First post, by Kahenraz
- Rank
- l33t
I would normally write something like this using a shell script or with some other minor dependency, but I wanted to remove as much noise as possible from the testing process. If the system becomes unstable, is it the program you opened or is it a bug in the glue that made it happen?
This program is extremely simple and simply opens a program repeatedly and closes it by sending a WM_CLOSE message to the top level window owned by that process (this is the same as pressing the X button on the window frame). It should only send this message once per window, but it won't stop checking for additional windows owned by the process in the event the first window was a splash screen or some other "non-program window", for example, the Kodak Image Viewer for Windows 98.
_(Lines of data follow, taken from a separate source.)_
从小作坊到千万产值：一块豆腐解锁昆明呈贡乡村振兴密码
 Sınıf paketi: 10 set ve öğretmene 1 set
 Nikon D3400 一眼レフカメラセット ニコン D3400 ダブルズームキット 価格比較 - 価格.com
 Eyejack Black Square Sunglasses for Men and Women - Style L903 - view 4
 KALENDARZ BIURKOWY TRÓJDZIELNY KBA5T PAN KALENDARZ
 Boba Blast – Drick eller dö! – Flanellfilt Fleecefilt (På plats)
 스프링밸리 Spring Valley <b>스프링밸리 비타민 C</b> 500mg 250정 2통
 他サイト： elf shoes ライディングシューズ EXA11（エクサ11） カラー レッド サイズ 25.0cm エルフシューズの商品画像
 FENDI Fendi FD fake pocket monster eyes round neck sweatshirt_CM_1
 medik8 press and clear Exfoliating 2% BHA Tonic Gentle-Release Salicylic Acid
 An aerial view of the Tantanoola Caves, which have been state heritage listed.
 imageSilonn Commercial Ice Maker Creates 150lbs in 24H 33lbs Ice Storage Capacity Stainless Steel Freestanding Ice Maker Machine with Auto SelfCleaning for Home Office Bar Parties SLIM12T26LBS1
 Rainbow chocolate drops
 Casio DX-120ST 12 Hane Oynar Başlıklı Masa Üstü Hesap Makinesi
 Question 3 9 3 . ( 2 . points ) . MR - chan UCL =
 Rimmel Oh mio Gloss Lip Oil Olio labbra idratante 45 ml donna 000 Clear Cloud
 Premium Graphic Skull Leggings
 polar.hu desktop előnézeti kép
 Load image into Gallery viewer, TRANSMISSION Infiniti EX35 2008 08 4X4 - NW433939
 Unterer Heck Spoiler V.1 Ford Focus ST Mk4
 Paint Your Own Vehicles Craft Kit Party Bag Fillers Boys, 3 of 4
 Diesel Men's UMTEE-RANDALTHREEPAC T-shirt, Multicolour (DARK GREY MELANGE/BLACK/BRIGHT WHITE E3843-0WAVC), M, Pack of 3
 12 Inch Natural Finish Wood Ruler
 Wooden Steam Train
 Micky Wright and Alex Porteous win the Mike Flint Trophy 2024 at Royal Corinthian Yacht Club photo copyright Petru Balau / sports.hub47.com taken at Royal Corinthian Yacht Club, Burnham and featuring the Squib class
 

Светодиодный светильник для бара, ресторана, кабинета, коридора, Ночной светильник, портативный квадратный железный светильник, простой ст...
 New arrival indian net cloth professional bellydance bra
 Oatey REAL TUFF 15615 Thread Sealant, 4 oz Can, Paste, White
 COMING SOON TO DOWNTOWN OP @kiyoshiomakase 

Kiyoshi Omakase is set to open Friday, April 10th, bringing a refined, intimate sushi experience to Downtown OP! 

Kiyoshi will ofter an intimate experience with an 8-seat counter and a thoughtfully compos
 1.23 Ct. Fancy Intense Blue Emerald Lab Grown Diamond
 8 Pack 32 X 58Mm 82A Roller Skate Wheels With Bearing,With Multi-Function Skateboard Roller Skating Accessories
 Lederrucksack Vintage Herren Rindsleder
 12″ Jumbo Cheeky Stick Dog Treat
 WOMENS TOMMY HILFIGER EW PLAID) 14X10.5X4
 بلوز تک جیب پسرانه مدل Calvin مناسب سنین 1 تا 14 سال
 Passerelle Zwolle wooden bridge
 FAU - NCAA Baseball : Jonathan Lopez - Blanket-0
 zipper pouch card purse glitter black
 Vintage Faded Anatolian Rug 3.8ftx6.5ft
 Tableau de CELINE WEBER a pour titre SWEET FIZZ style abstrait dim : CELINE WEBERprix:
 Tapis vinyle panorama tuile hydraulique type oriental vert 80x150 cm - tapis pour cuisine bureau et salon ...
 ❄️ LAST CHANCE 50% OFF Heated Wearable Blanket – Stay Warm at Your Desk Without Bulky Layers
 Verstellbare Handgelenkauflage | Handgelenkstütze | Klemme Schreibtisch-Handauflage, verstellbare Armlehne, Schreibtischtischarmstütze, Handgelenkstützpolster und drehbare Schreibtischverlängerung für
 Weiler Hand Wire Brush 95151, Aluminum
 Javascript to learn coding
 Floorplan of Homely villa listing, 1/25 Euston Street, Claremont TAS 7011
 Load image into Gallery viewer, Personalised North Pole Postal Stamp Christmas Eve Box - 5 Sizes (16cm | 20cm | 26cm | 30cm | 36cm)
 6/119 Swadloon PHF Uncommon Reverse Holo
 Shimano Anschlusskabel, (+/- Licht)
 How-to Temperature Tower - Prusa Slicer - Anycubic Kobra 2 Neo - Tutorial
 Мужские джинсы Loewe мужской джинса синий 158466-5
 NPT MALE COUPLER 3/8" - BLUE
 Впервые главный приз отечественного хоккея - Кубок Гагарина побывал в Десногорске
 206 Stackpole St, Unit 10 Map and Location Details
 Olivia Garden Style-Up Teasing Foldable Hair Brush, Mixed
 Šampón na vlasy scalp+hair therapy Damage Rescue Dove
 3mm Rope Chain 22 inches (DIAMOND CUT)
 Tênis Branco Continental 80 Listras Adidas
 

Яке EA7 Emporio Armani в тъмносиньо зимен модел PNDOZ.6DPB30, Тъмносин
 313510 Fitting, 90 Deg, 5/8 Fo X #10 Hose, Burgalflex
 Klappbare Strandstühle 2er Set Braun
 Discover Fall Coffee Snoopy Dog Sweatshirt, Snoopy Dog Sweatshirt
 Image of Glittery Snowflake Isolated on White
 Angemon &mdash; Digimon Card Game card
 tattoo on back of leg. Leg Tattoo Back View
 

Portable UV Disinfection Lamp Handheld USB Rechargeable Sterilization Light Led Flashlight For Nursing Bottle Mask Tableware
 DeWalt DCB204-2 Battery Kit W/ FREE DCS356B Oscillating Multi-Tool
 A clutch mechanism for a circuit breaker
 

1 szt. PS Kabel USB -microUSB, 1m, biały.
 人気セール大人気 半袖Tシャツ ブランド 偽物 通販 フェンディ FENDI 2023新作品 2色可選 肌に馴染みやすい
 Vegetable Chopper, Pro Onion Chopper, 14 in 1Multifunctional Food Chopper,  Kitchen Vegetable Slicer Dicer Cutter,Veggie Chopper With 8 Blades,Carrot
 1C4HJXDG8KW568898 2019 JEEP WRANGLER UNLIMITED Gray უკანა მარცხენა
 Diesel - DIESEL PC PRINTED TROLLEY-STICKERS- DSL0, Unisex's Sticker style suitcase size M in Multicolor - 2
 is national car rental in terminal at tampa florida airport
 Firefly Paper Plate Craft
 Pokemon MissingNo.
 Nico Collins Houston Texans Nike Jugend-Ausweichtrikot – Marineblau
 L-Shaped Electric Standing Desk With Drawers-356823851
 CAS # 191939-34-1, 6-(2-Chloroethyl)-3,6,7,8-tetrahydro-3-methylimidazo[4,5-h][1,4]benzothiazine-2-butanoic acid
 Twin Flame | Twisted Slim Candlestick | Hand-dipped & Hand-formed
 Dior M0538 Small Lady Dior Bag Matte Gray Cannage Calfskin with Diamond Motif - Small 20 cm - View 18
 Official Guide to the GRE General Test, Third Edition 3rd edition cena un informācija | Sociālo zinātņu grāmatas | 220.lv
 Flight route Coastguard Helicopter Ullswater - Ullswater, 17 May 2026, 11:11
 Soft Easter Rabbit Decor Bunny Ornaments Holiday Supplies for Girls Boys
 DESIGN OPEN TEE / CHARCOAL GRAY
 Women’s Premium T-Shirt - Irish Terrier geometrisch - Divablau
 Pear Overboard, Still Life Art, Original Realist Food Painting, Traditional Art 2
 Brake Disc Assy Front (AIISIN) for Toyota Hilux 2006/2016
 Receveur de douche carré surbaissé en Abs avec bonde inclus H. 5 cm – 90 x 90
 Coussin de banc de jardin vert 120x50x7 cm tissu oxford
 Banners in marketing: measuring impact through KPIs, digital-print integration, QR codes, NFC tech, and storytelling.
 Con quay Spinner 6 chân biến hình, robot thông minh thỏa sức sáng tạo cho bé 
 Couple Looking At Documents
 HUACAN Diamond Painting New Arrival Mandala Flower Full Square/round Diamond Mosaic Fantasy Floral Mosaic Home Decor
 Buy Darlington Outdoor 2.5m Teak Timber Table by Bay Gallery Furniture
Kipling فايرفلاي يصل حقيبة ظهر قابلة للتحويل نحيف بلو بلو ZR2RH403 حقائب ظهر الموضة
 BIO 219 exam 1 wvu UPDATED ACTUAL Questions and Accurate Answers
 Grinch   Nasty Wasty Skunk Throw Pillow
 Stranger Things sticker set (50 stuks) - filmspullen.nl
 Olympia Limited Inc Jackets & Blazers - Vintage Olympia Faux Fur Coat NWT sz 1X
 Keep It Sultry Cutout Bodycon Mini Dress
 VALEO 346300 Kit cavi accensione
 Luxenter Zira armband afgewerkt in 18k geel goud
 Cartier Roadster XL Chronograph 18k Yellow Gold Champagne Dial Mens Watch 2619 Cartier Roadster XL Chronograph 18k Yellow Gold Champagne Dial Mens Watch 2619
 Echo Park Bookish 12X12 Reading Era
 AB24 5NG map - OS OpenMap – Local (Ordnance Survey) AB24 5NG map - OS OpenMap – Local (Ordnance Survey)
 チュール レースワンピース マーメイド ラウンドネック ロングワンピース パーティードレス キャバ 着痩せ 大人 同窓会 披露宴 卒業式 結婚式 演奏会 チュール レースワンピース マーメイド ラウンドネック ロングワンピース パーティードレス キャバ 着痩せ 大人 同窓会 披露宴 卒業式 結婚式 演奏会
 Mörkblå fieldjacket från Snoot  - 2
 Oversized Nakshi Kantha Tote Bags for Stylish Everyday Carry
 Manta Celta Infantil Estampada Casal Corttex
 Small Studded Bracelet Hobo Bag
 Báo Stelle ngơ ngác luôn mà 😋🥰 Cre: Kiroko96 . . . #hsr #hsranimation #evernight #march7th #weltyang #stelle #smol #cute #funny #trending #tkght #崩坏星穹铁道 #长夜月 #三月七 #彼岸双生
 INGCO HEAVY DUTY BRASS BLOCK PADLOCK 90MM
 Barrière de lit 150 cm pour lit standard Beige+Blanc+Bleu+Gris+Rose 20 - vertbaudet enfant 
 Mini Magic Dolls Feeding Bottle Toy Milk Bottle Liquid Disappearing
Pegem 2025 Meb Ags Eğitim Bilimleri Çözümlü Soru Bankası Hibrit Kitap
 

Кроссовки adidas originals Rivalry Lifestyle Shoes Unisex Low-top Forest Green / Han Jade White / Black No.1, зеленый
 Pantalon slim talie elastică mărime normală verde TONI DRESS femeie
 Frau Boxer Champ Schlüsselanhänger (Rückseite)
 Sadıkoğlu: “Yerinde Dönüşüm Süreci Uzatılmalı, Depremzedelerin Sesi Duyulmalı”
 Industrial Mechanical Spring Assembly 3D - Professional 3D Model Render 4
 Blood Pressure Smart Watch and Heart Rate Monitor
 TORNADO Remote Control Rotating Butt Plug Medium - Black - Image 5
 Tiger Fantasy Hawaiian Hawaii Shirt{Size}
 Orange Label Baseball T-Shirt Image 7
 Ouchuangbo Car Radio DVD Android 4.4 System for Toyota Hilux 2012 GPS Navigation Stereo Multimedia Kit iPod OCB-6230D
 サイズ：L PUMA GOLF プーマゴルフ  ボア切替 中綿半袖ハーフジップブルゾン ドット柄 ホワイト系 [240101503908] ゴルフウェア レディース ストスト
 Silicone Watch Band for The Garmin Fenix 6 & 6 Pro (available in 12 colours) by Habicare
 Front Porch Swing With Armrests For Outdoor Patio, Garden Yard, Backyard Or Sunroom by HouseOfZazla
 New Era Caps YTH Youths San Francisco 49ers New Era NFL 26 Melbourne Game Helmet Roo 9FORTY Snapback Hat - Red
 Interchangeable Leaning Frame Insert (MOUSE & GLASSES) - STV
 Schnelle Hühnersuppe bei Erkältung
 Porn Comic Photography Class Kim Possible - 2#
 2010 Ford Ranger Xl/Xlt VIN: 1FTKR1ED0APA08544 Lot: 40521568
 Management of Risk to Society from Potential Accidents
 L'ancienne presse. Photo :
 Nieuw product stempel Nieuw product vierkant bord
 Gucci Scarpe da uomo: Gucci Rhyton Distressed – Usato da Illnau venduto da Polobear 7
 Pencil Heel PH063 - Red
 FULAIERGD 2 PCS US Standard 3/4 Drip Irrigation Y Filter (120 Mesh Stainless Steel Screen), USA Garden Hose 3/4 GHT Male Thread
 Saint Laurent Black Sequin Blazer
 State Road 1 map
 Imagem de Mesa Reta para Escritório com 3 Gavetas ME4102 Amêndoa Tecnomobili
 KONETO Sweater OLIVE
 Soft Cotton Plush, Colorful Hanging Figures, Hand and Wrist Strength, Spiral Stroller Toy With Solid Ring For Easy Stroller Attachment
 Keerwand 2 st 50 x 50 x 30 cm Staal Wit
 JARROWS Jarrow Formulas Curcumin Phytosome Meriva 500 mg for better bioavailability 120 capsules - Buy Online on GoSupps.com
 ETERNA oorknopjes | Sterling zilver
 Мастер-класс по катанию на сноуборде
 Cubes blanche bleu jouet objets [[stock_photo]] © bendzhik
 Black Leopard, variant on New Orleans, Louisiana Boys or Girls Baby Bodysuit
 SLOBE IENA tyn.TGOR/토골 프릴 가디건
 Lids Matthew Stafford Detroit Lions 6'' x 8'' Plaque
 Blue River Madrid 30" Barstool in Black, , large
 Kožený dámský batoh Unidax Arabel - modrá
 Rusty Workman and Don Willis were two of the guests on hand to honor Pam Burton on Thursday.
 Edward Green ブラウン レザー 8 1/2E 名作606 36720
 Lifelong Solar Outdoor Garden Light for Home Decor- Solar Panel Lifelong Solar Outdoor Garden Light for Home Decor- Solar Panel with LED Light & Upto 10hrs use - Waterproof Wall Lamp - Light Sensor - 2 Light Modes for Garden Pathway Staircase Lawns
I am using the WM_CLOSE message specifically to provide a program with the most graceful of an opportunity to free any resources it might have allocated and terminate itself, rather than doing so forcefully with TerminateProcess(). Please note that it is possible that this tool could cause a program to crash, as it is sending a message faster than humanly possible, and this might create a problem where the program is instructed to tear itself down before it's finished building itself up. Clearly, this is not something that a normal human could ever do.
This program accepts a single argument, which is the name of the program to be run. It uses Windows's default search path mechanics, so you should only need to use something like "notepad.exe" or "kodakimg.exe" instead of the full path if it can already be found by Windows.
If you want to stop the test from running, press the Escape key.
Tested on Windows 98 Second Edition. It should work on Windows 95, but I haven't tried it there.